We urge citizens not to be deceived by the “social” and “patriotic” constitutional amendments initiated by the authorities, because it was by their efforts over the past 30 years that everything was done to dismantle the remnants of the social state in Russia, to deprive the masses of the multinational people (including the Russian people) of their natural right to dispose of natural resources, free education and medicine, a dignified old age, and even life itself. To the unprincipled calls to “repair” the current Constitution, making it “more popular,” we contrast the demand for its complete abolition, which is impossible in practice without dismantling the neoliberal political regime — the brainchild of the anti-Soviet counter-revolution in Russia. We are absolutely convinced that the current system of power has completely exhausted itself and cannot be corrected by any “overhaul.” Without a conscious, consistent movement of the country towards real democracy of the Soviet type and the return of property to the people and under the control of the people, there can be no talk of social peace, stability and prosperity in Russia.
That is why there should not be the slightest doubt that the current “constitutional reform” is nothing more than another coup d’etat, imposed on the people by the ruling political group in the name of further retaining unlimited power in their hands. In this regard, demanding its merciless exposure and disruption is completely justified and legitimate. It should not be forgotten that under the current repressive legislation, but more importantly, the extreme fragmentation of the left communist flank (i.e., in the absence of a powerful mobilization of the masses), urging citizens to actively boycott the vote would be the height of political irresponsibility.
In this situation, the Plenum of the Central Committee of the OKP strongly recommends that its supporters relentlessly explain to ordinary voters the inadmissibility of pushing through the tsarist amendments under the sauce of “expanding the rights of the government and parliament” while preserving the powerful “vertical presidency.”
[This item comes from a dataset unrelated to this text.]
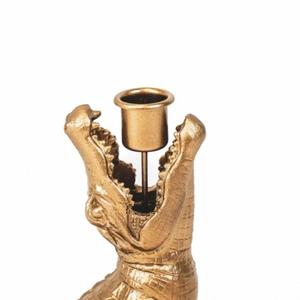 Portavelas de Cocodrilo, Figura de Caimán, Portavelas de Reptil, Recipiente para Velas, Escultura, Decoración del Hogar - Product Image 2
We call on all concerned and politically active citizens to come to the polls and vote against the frankly reactionary amendments.
Our demands at the time of the “nationwide vote” — fraudulent in form and content — should be:
No — to deceiving the people under the flag of “constitutional reform”!
No — to the prolongation of capitalism in Russia!
No — to the bourgeois dictatorship, yes — to the democracy of the working people!
No — to the presidential autocracy and the State Council, yes — to the Soviets of workers and the Soviet constitution!